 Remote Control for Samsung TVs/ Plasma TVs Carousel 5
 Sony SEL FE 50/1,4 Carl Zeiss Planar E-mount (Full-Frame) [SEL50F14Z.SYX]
==
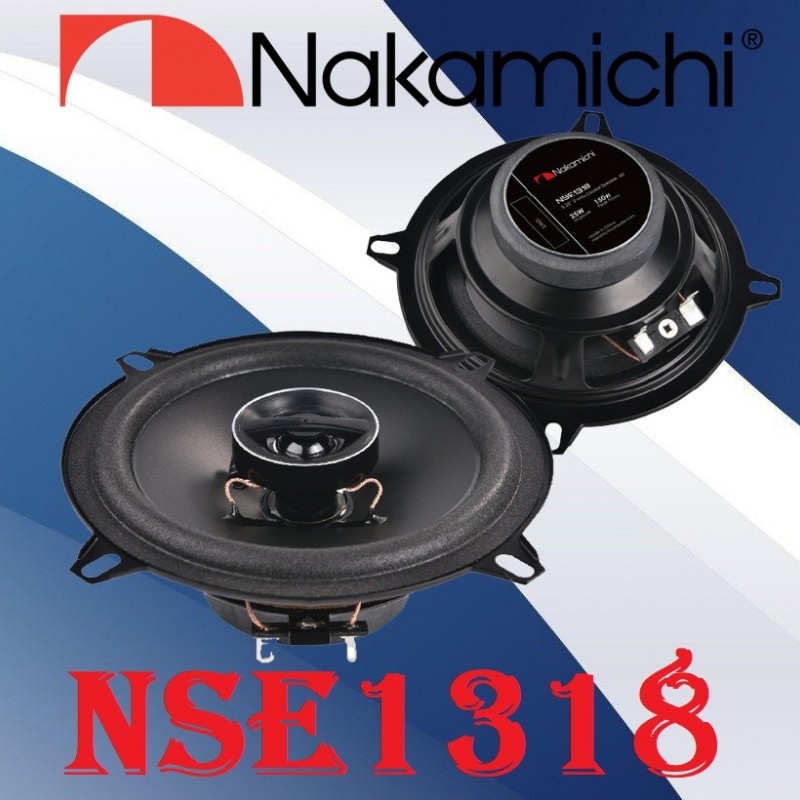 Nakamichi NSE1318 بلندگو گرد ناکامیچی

== EXERCISE GOAL ==
From the data above, reproduce word for word the lines running from the line with "Remote Control for" to the line with "Sony SEL FE", ends included.

== TASK RESULT ==
 Remote Control for Samsung TVs/ Plasma TVs Carousel 5
 Sony SEL FE 50/1,4 Carl Zeiss Planar E-mount (Full-Frame) [SEL50F14Z.SYX]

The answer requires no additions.